## Collected data
== Segment start ==
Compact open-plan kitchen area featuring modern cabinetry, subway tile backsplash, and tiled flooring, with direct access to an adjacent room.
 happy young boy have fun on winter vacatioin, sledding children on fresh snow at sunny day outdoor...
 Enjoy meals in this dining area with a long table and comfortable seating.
== Segment end ==
Would you repeat all of the data above, word for word?

## Solution to this exercise
Compact open-plan kitchen area featuring modern cabinetry, subway tile backsplash, and tiled flooring, with direct access to an adjacent room.
 happy young boy have fun on winter vacatioin, sledding children on fresh snow at sunny day outdoor...
 Enjoy meals in this dining area with a long table and comfortable seating.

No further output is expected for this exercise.